4. Lille (Dutch: Rijsel) a dynamic northern city known for its handsome center and active cultural life.  The capital of French Flanders, an opportunity that it grasped to return to the forefront of the French cultural scene. To get a sense of this, head to the Musée Beaux-Arts or one of the city’s more alternative cultural venues, such as the Tripostal or Maisons Folie, and lose yourself in the restored old town. Sample its brasseries and visit September’s Grande Braderie, as Lille also likes to party and share its festive spirit.

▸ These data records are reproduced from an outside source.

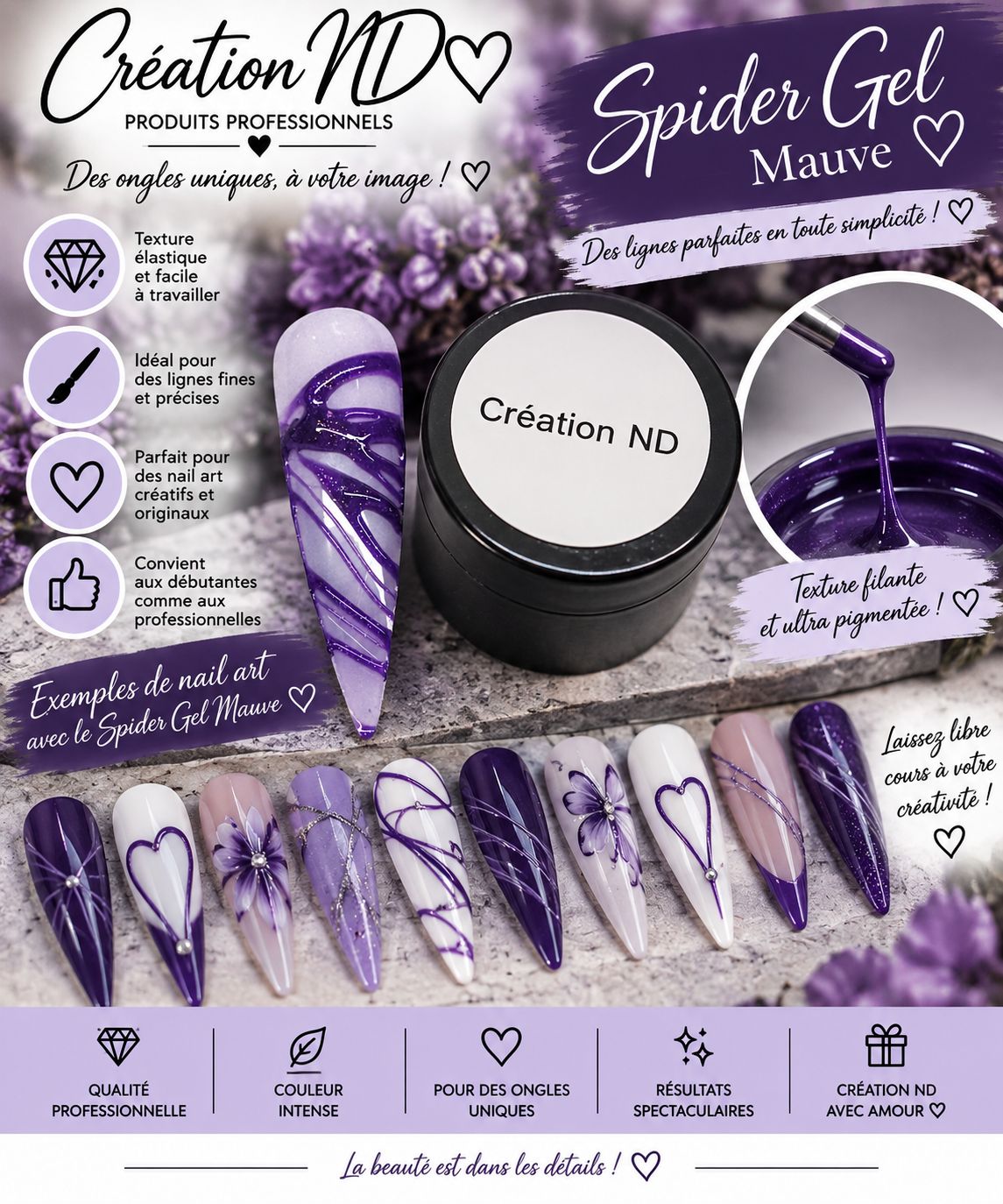 Spider gel MAUVE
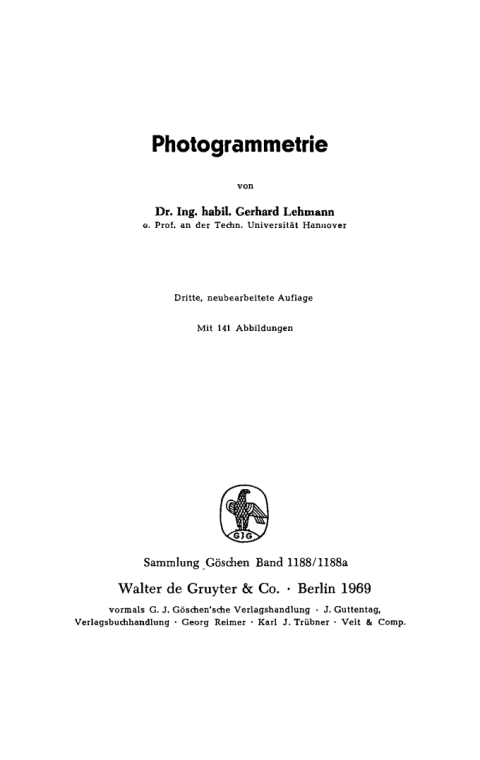 Cover image for book Photogrammetrie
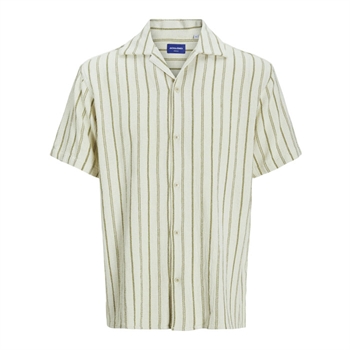 Off white og grøn stribet skjorte med korte ærmer fra Jack & Jones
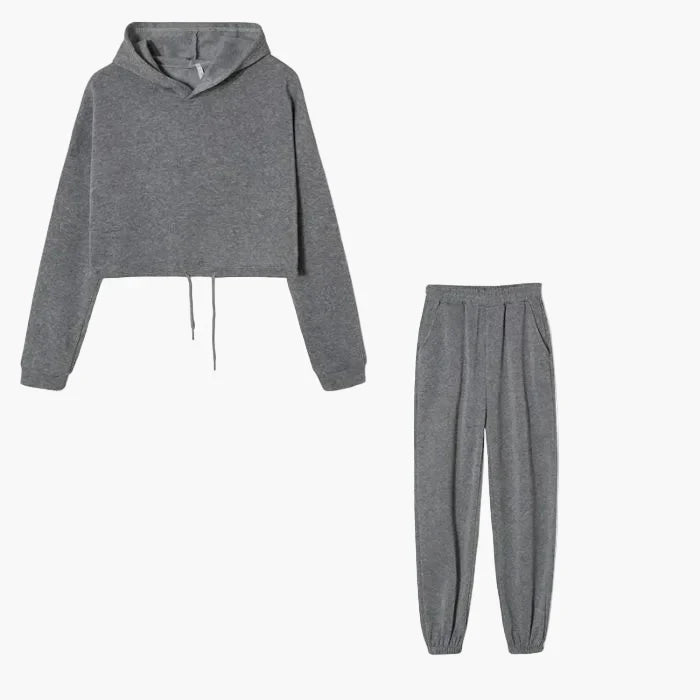 Women's two-piece lounge set cropped hoodie and joggers cozy streetwear coordinated casual comfort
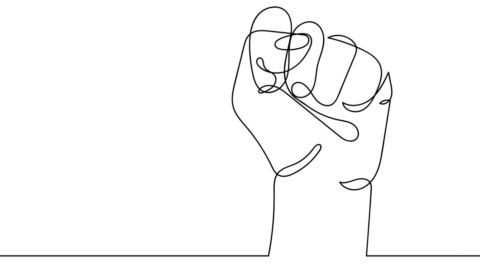 Graphic of a white fist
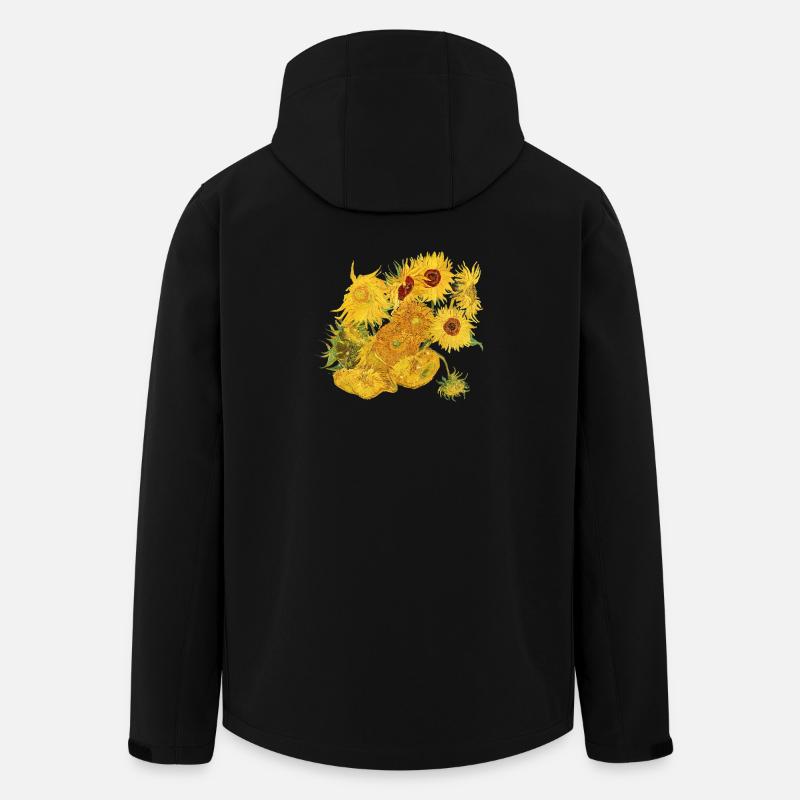 Van Gogh tournesols | Tournesols exemptés - Veste softshell homme en polyester recyclé Stanley/Stella - noir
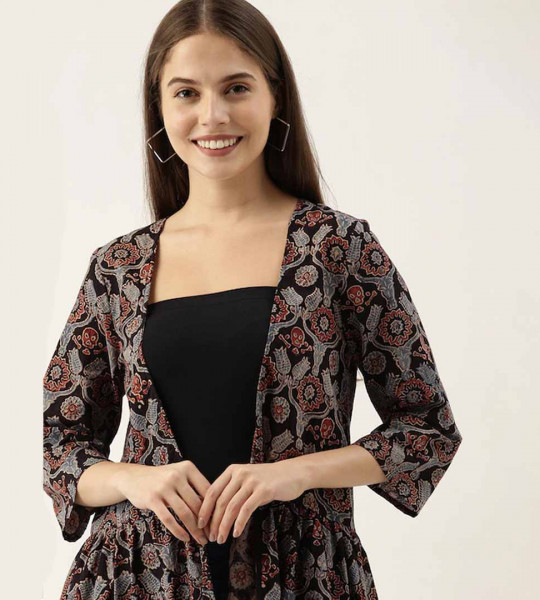 Women Black Handblock Printed Fusion Jacket Shrug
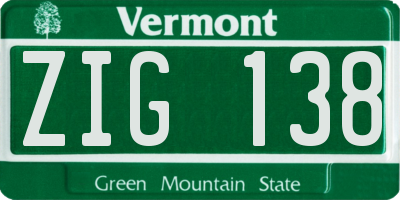 VT license plate ZIG138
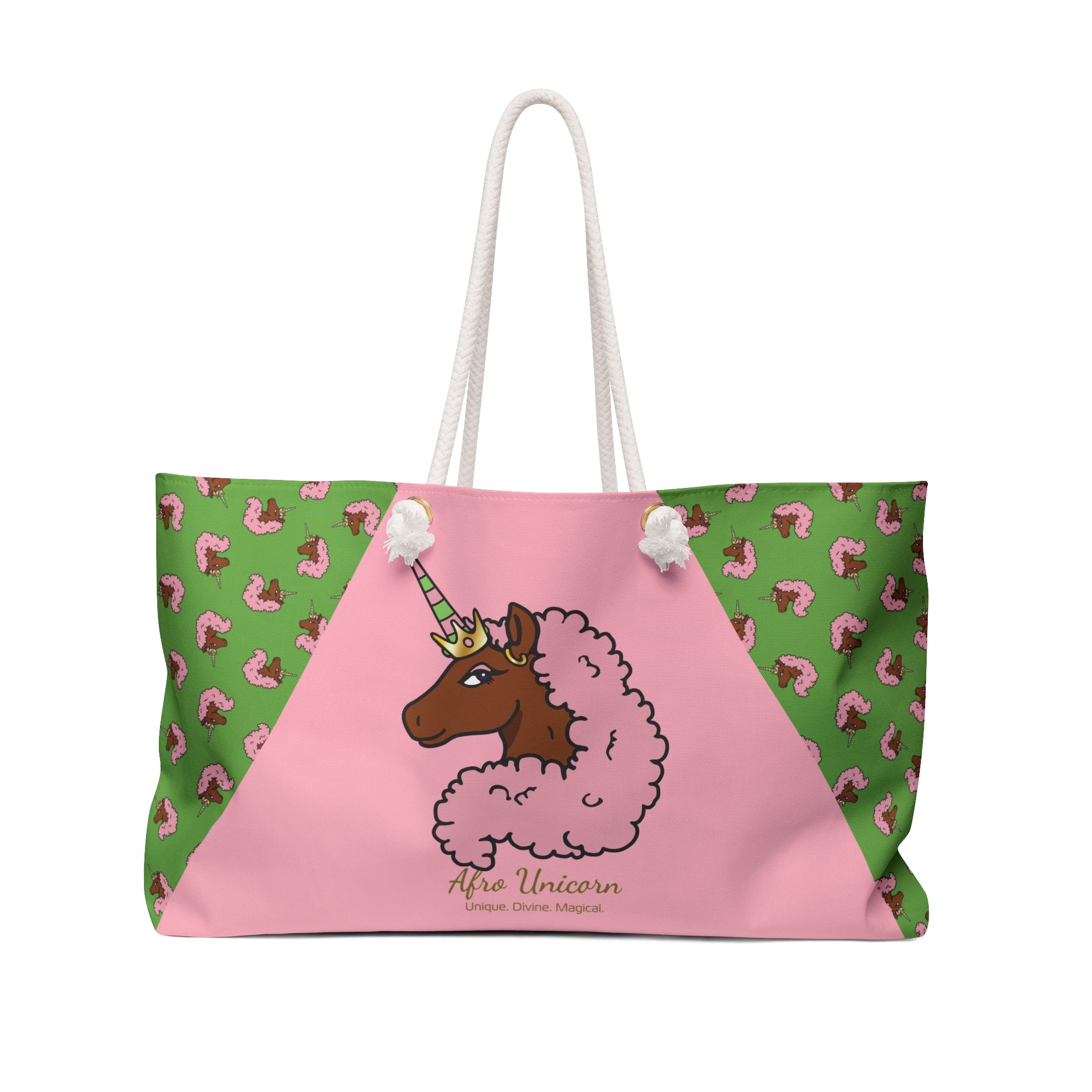Afro Unicorn Pink & Green Weekender Bag — D9 Pride AKA Love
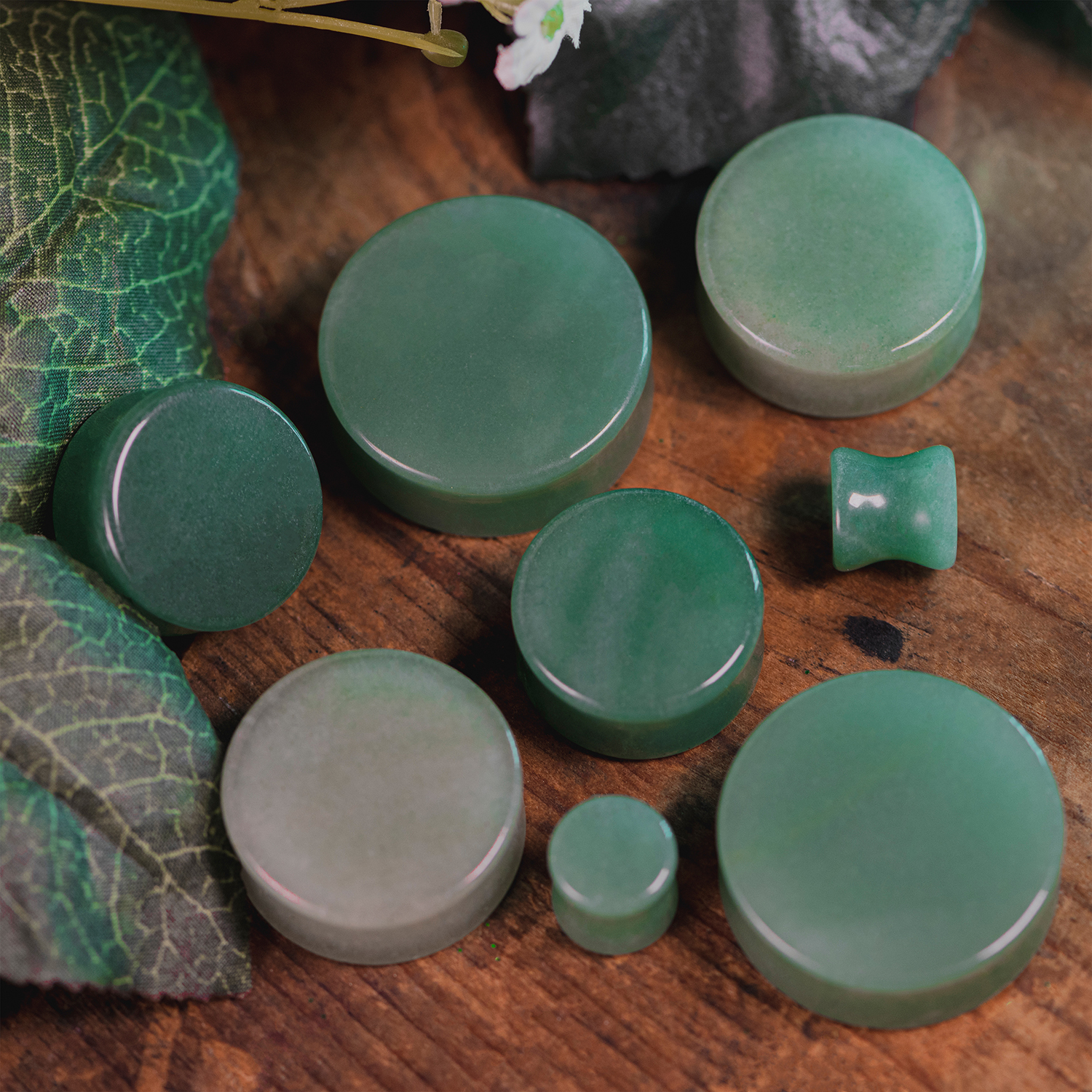 cool  Aventurine Green Jade Stone Plug / Gauge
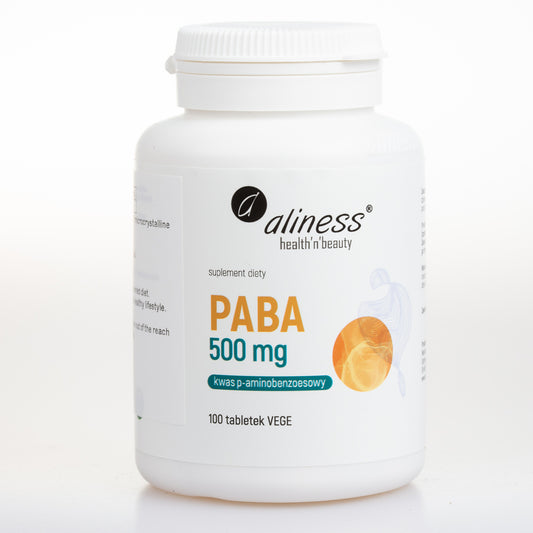 Witamina B10, PABA 500 mg, 100 wegańskich tabletek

5. Lyon – When the first time  I arrived in France I lived in Cannes as life change here I’m now living in Lyon and I discovered that this is France’s second city with a history from Roman times to the Renaissance. Lyon is also the French capital of “trompe l’oeil”-walls; a very ancient tradition. It is an art technique involving extremely realistic imagery in order to create the optical illusion that the depicted objects appear in three dimensions, instead of actually being a two-dimensional painting. Many of them can be seen everywhere around the city.

6. Marseille – Big harbor and the heart of the Provence.Walking is a good to explore Marseille’s winding, cafe-lined streets. Major sights are within easy distance of one another, though the terrain can be hilly. In particular, routes leading from Cours Julien down to the Vieux Port often have long, steep staircases. Fashionable boutiques and quirky independent stores line Marseille’s shopping districts. Local products fill the city’s food markets, while the major malls house famous international brands. You can find blocks of the famed “Savon de Marseille” soap at shops throughout the city. Dining out in the Vieux Port will provide visitors with the opportunity to sample some of the Marseille’s renowned seafood dishes and other local specialties. A thriving bar culture and large sidewalk cafes make up the city’s nightlife. The local specialties of Marseille are a mixed seafood and vegetable stew called Bouillabaisse is Marseille’s signature dish. The pieds paquets is a dish of lamb’s feet cooked slowly with offal. Daube is a rich beef stew made with wine and garlic. North African inspired dishes as merguez and falafel make for quick and filling street food. Often dunked in coffee, Navettes de Marseille are boat- shaped biscuits. The local aperitif is pasties, an anished-flavored liqueur served with water and ice.

7. Nantes – The “Greenest City” and according to some the best place to live in Europe. Nantes was once an important port located 50km up the Loire River. It grew rich on the triangular trade with Africa and the West Indies. Nantes is also famous for being the home of the science fiction writer Jules Verne.

8. Strasbourg – Famous for its historical center and home to many European institutions. Grand Rue is the main shopping street lined with colorful stores and 18th-century buildings running from Gare de Strasbourg to Cathedral Notre Dame de Strasbourg. The Petite France quarter is ideal for wandering on foot, a medieval labyrinth of narrow laneways and waterways, with an atmospheric bridge crossing at Ponts Couverts and the 17th-century, were Barrage Vauban. As a capital of the Alsace region, Strasbourg is also the center of Alsatian culinary culture. Dining out in the city means visiting traditional winstubs, or wine rooms and sampling local specialties that have more in common with German than with French gastronomy. The emphasis is on rich, hearty fare especially meat, dairy and potatoes. Strasbourg nightlife takes place in beer halls, wine cellars and floating bars on river barges. Strasbourg has a laid-back scene. You can sip local beers, such as Fischer and Pecheur, abroad customized canal boats and river barges in the Krutenau neighborhood. There are busy clubs and discos around the place and raucous live music venues to the west in Quartier de la Gare.


9. Toulouse –  The “Pink City” for its distinctive brick architecture, the main city of Occitania. During the crusade against the invasion of Simon de Montfort’s “Barons from the North”. Toulouse prospered from the wood business and kept its status by becoming the aeronautical capital of Europe thanks to Airbus.